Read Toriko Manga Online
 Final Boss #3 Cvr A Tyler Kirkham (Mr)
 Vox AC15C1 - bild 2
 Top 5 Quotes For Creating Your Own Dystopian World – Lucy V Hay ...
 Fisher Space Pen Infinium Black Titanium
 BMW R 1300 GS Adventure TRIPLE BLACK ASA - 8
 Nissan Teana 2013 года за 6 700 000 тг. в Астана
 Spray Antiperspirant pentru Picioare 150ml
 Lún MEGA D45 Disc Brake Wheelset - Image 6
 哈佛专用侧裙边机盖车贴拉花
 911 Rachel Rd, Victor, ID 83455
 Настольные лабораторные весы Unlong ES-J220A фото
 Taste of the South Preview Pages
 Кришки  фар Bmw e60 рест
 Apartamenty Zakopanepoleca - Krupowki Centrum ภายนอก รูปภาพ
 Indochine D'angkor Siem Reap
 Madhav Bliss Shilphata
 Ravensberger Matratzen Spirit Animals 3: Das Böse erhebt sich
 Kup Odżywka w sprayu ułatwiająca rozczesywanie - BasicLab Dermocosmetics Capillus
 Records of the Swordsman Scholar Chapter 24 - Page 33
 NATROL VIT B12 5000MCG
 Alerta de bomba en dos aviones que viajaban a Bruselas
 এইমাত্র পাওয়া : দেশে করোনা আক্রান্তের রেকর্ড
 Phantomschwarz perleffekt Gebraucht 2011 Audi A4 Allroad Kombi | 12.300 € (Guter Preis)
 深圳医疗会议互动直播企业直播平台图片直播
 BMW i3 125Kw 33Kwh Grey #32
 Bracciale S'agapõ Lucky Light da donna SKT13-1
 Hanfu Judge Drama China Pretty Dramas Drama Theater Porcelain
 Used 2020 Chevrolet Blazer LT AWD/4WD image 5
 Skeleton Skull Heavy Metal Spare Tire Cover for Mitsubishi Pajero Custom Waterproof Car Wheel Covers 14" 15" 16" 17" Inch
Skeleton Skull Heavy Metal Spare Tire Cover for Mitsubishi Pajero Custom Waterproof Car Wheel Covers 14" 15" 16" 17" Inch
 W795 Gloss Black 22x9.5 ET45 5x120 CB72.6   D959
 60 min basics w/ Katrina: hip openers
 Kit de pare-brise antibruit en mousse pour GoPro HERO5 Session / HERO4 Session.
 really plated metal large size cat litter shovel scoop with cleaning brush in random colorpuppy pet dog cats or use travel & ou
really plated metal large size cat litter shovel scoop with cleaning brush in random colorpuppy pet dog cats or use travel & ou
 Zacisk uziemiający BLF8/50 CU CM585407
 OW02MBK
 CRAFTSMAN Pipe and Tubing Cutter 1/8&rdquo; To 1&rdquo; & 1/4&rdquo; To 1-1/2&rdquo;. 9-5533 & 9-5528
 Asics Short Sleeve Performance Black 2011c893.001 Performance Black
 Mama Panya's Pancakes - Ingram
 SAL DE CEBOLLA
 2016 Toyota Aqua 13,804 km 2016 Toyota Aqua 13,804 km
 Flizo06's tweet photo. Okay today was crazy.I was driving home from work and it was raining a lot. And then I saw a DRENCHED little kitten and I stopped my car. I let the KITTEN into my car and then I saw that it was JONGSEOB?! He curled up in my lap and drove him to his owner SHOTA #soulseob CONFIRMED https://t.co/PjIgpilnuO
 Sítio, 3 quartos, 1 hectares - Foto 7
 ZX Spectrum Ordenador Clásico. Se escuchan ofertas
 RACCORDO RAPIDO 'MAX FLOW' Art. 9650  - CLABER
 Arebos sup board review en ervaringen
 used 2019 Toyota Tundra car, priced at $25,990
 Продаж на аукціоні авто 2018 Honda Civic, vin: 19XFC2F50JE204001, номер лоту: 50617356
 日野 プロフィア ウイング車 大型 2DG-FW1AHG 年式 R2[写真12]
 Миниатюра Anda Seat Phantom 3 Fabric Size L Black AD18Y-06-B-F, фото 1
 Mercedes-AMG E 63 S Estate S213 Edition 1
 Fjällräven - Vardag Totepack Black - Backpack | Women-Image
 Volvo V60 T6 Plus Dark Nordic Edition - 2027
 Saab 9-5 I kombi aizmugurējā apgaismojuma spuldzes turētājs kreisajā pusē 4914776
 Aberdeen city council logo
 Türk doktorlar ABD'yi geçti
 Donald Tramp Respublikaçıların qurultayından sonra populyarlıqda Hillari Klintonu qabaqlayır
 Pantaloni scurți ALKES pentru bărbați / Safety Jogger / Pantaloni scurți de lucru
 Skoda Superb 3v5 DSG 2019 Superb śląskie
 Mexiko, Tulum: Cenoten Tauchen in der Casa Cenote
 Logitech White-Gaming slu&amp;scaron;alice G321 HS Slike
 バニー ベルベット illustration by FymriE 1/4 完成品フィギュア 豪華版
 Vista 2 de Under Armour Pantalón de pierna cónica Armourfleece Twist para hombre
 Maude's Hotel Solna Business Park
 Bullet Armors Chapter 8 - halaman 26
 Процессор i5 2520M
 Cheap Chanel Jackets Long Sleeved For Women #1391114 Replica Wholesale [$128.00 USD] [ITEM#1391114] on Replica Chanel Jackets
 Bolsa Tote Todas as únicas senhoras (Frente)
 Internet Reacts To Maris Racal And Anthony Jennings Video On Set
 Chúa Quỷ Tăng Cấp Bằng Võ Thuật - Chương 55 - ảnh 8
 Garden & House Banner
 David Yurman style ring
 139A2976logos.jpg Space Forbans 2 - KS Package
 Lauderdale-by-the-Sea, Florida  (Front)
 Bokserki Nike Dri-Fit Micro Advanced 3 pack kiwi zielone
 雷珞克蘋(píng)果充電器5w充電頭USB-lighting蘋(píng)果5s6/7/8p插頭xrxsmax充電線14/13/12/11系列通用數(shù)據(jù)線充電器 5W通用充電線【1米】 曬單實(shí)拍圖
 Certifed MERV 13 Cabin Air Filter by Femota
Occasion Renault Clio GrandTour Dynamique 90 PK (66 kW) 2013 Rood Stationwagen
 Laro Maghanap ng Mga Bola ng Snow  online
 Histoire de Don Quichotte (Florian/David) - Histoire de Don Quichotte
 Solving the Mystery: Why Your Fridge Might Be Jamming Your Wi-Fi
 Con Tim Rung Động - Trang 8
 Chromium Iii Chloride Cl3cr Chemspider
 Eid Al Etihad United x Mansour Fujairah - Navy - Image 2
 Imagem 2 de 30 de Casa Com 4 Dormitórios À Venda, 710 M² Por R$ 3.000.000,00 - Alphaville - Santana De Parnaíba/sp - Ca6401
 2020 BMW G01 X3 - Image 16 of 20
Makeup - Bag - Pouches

****************

### Problem statement
Filter the records above down to the lines that hold the string "travel".

### Task answer
 really plated metal large size cat litter shovel scoop with cleaning brush in random colorpuppy pet dog cats or use travel & ou
really plated metal large size cat litter shovel scoop with cleaning brush in random colorpuppy pet dog cats or use travel & ou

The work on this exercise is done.